Entries supplied »

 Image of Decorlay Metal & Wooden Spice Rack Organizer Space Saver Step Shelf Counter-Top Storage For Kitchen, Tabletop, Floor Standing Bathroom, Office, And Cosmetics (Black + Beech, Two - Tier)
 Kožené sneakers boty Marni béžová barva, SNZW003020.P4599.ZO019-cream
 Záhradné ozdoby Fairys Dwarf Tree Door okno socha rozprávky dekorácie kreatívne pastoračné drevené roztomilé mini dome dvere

---

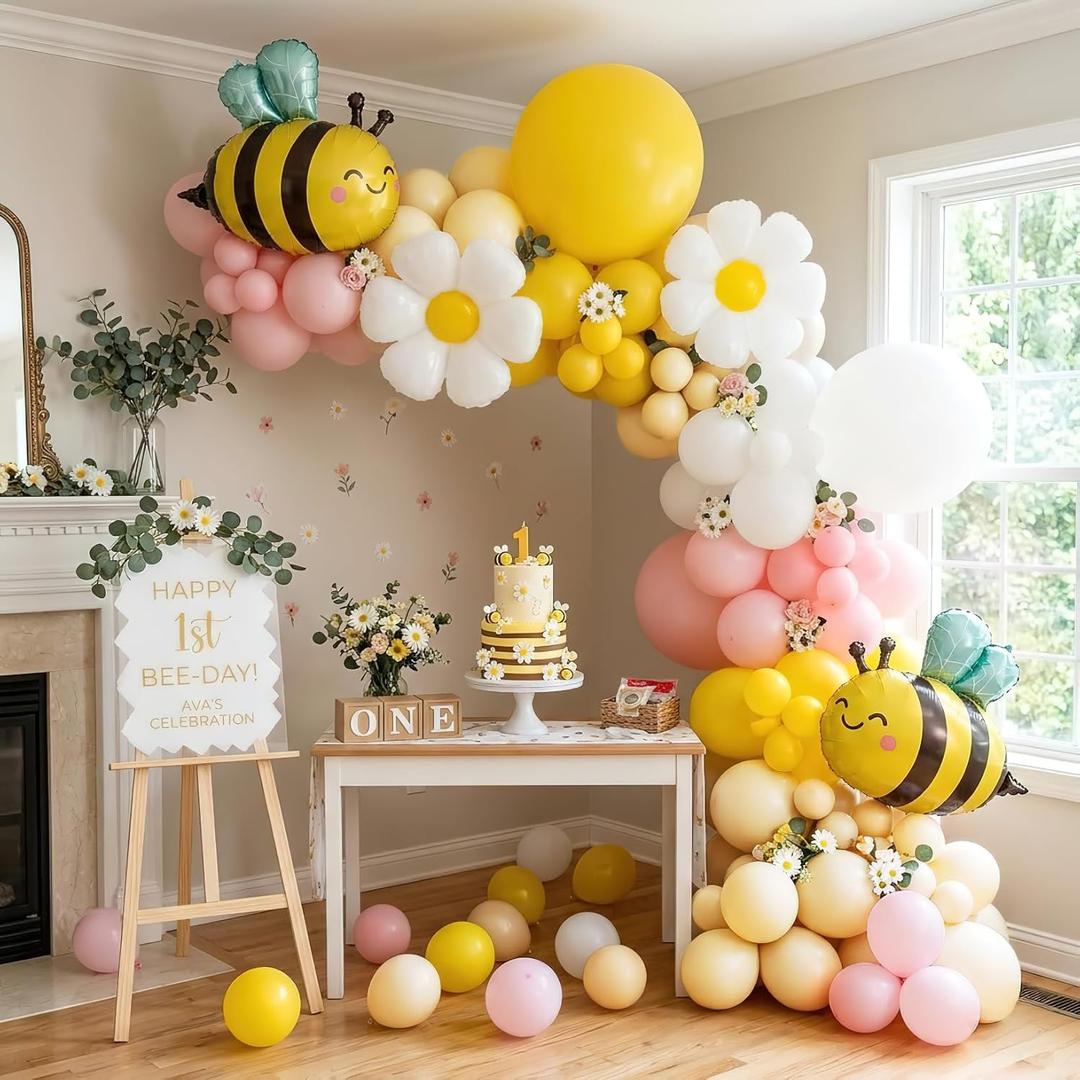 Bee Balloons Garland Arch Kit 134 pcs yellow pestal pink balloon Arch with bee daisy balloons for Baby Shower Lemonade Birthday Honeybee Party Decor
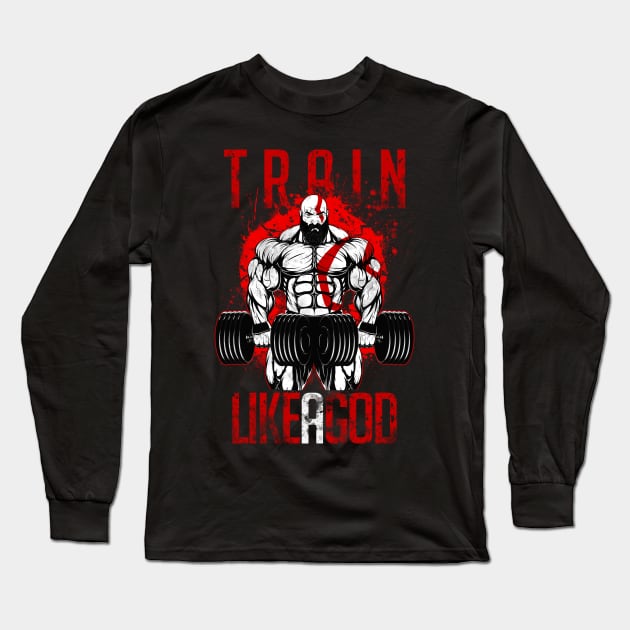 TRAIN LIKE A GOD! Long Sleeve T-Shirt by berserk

...

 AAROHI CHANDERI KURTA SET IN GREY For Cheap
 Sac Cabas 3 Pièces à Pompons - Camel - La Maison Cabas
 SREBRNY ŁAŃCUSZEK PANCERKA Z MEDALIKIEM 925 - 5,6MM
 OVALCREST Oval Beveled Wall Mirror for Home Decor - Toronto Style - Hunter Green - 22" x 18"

Task directions » In the material above, transcribe exactly the lines beginning at the one with "Image of Decorlay" and ending at the one with "Záhradné ozdoby Fairys", both included.

Response to the exercise »
 Image of Decorlay Metal & Wooden Spice Rack Organizer Space Saver Step Shelf Counter-Top Storage For Kitchen, Tabletop, Floor Standing Bathroom, Office, And Cosmetics (Black + Beech, Two - Tier)
 Kožené sneakers boty Marni béžová barva, SNZW003020.P4599.ZO019-cream
 Záhradné ozdoby Fairys Dwarf Tree Door okno socha rozprávky dekorácie kreatívne pastoračné drevené roztomilé mini dome dvere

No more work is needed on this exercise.